Noninterest income rose to $9.7 billion, driven by higher other income and higher market-sensitive revenues, particularly in trading. Mortgage banking income, investment banking fees and commercial real-estate brokerage commissions offset the gains.
Wells Fargo’s tier 1 common equity ratio (fully phased-in) of Basel III is 11.2%.
Noninterest expenses rose sequentially from $13.2 billion to $13.8 billion due to increased compensation expense and higher employee benefits.
Net loan charge-offs fell from $905 million in the fourth quarter of 2016 to $805 million, or an annualized rate of 0.34%. Commercial charge-offs totaled 0.11% (down sequentially from 0.2%) and consumer charge-offs totaled 0.59% (up sequentially from 0.56%).
The bank’s CEO, Tim Sloan, said:
Wells Fargo continued to make meaningful progress in the first quarter in rebuilding trust with customers and other important stakeholders, while producing solid financial results. We have taken significant actions throughout the company to date and we are committed to building a better bank as we move Wells Fargo forward.
CFO John Shrewsberry added:
Expenses were elevated compared with last quarter, driven by typically-higher first quarter personnel-related expenses. Credit results improved, with lower net charge-offs and nonaccrual loans, and we benefited from lower income tax expense. The balance sheet remained strong with high levels of capital and liquidity, and record deposits.

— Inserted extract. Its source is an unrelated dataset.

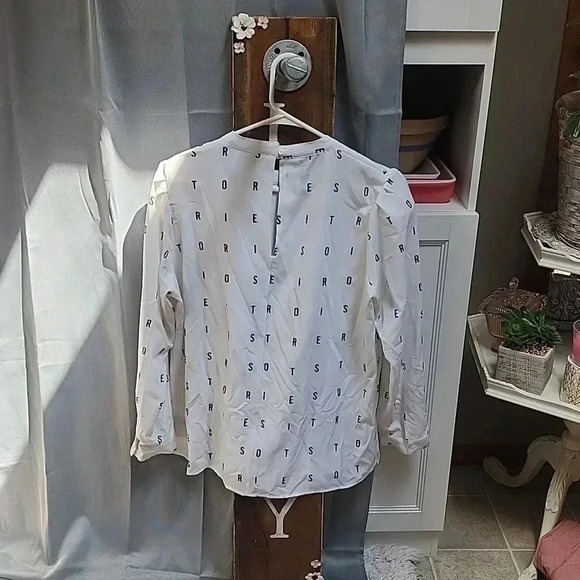 Stories By Kelly Osborne XL Blouse Black White Crewneck Long Button Sleeve Work - Picture 2 of 3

The bank did not offer guidance in its press release, but consensus estimates call for second-quarter EPS of $1.05 on revenues of $22.88 billion. The EPS estimate for the 2017 fiscal year is $4.21, and revenues are forecast at $91.692.08 billion.
Shares traded down about 1.5% in Thursday’s premarket to $52.35. The current 52-week range is $43.55 to $59.99. The 12-month consensus price target was $59.07 before results were announced.